**EXERCISE OBJECTIVE**. Reproduce each record exactly, but exclude every picture.

(Image-text web data)
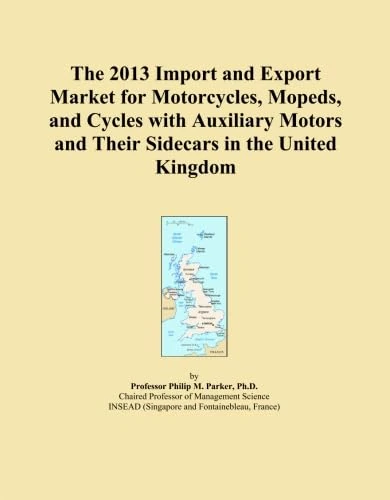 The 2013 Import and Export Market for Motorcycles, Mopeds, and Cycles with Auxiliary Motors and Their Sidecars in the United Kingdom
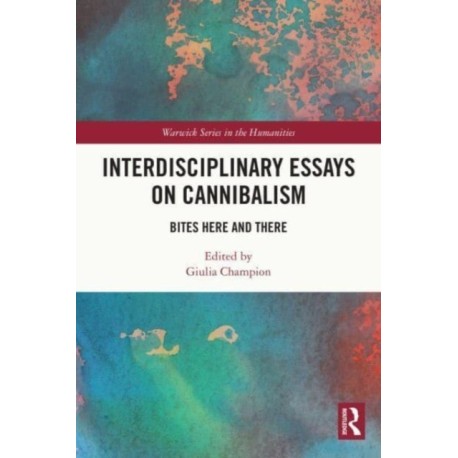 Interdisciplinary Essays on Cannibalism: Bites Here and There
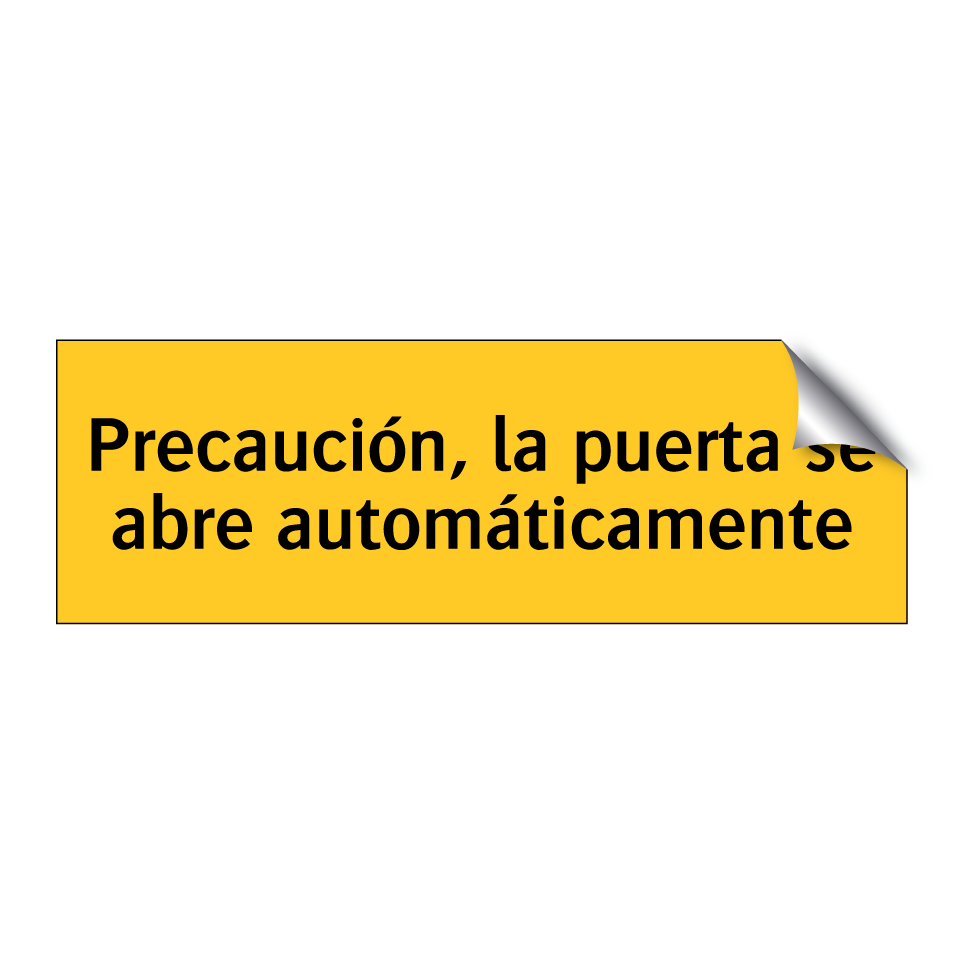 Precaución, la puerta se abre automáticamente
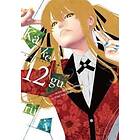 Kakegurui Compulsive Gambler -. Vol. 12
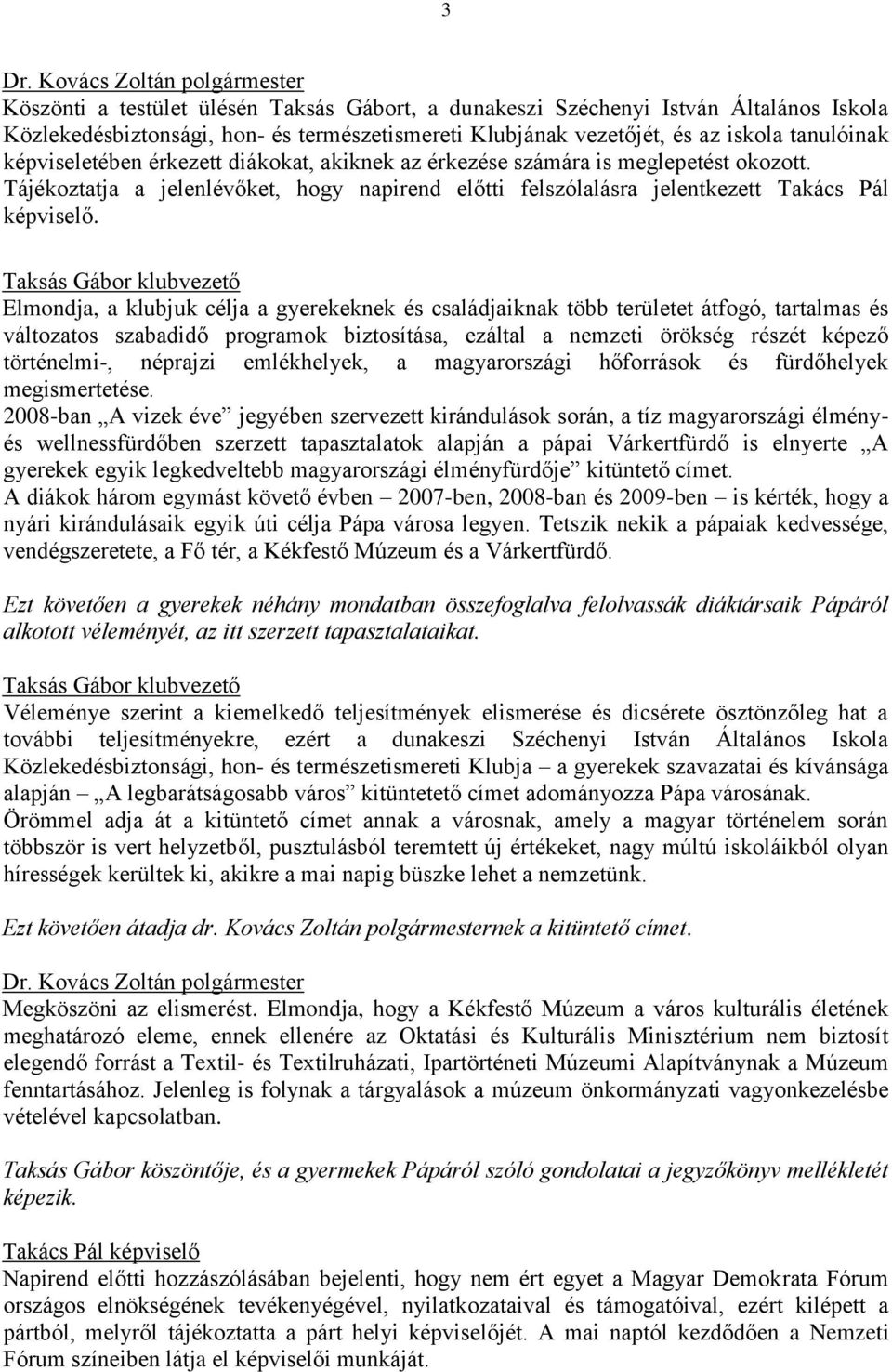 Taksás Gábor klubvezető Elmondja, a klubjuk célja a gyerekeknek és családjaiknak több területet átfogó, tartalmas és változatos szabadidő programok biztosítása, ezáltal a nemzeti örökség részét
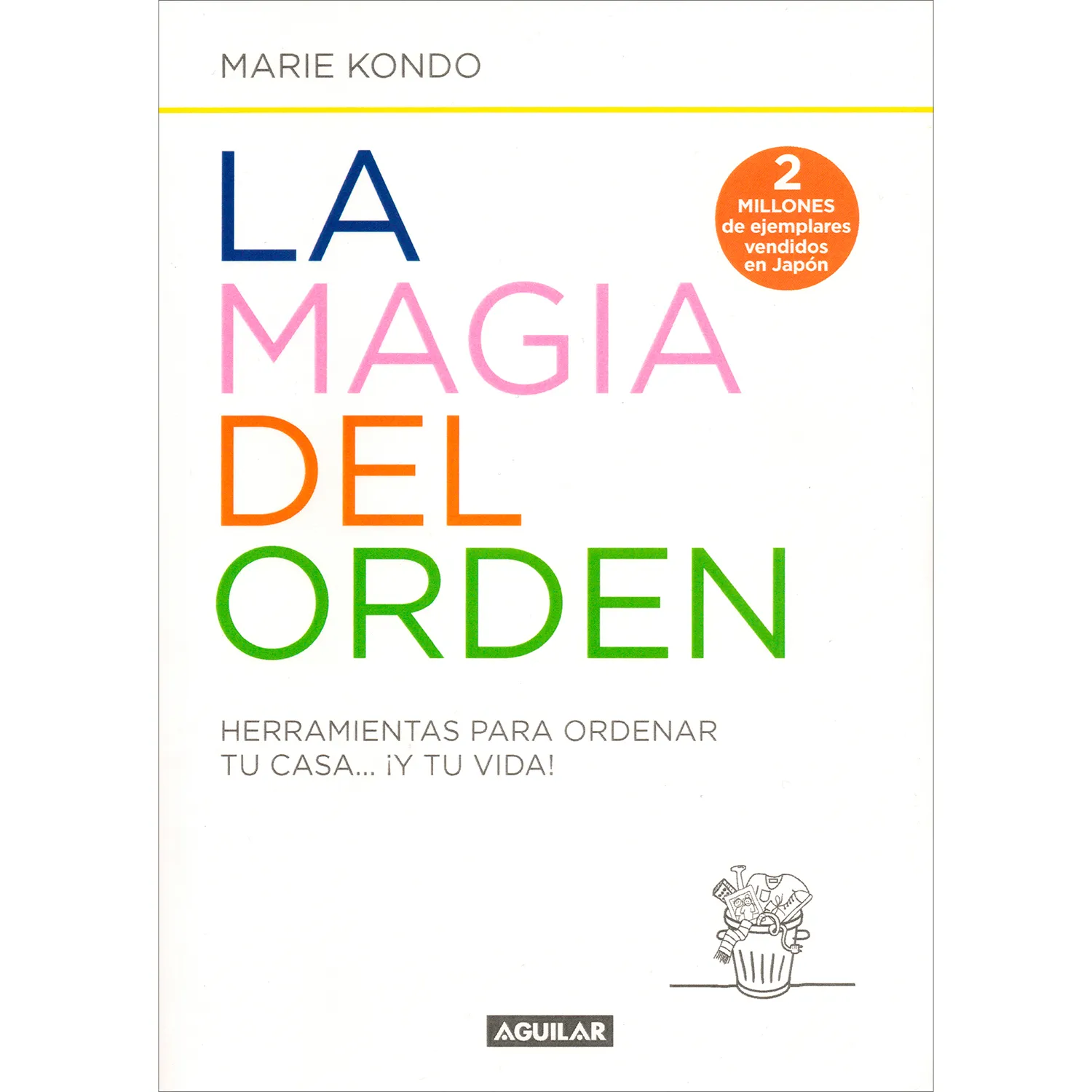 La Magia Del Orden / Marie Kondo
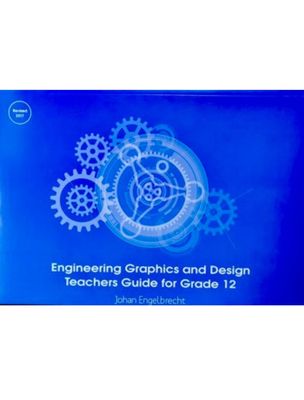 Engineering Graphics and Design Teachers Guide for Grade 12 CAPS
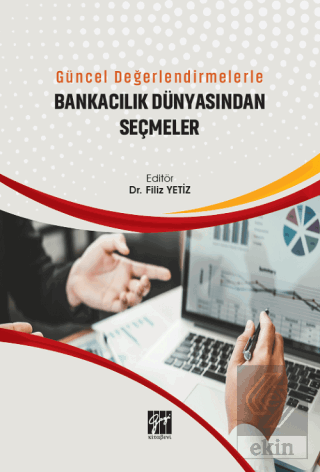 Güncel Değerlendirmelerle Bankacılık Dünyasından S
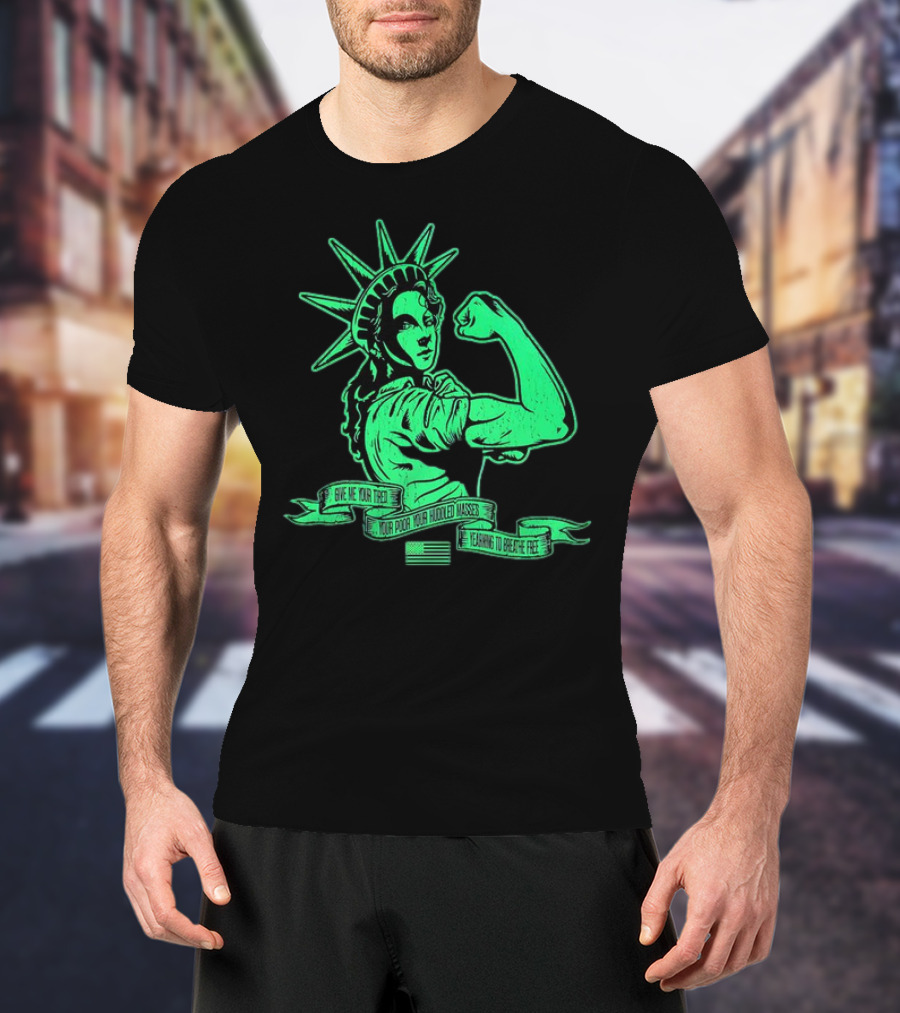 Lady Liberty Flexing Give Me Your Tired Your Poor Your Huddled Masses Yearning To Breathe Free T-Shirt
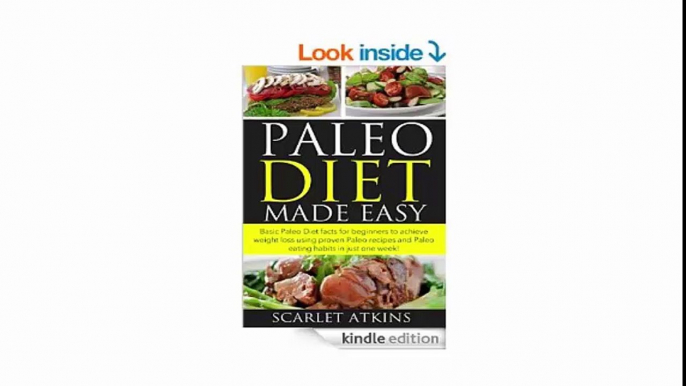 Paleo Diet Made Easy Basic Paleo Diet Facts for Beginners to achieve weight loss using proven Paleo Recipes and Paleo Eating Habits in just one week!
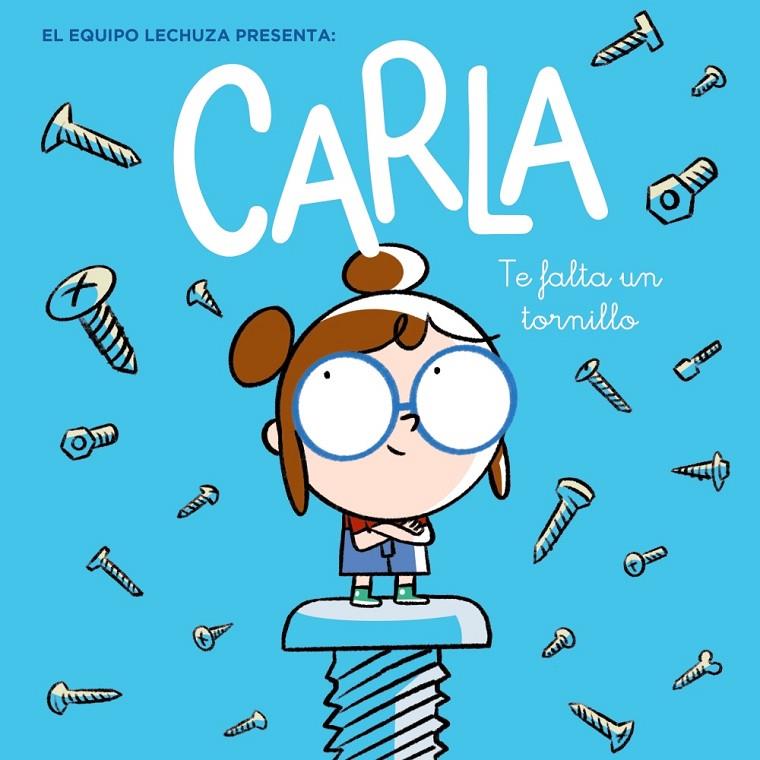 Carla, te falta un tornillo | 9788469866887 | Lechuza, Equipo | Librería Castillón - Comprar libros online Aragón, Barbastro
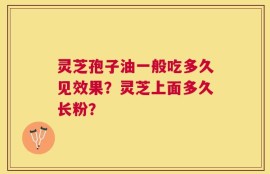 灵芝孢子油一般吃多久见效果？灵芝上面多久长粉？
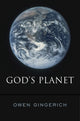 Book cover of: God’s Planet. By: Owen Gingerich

**SOLUTION**.
 The 2013 Import and Export Market for Motorcycles, Mopeds, and Cycles with Auxiliary Motors and Their Sidecars in the United Kingdom
 Interdisciplinary Essays on Cannibalism: Bites Here and There
 Precaución, la puerta se abre automáticamente
 Kakegurui Compulsive Gambler -. Vol. 12
 Taksás Gábor klubvezető Elmondja, a klubjuk célja a gyerekeknek és családjaiknak több területet átfogó, tartalmas és változatos szabadidő programok biztosítása, ezáltal a nemzeti örökség részét
 La Magia Del Orden / Marie Kondo
 Engineering Graphics and Design Teachers Guide for Grade 12 CAPS
 Güncel Değerlendirmelerle Bankacılık Dünyasından S
 Lady Liberty Flexing Give Me Your Tired Your Poor Your Huddled Masses Yearning To Breathe Free T-Shirt
 Paleo Diet Made Easy Basic Paleo Diet Facts for Beginners to achieve weight loss using proven Paleo Recipes and Paleo Eating Habits in just one week!
 Carla, te falta un tornillo | 9788469866887 | Lechuza, Equipo | Librería Castillón - Comprar libros online Aragón, Barbastro
 灵芝孢子油一般吃多久见效果？灵芝上面多久长粉？
 Book cover of: God’s Planet. By: Owen Gingerich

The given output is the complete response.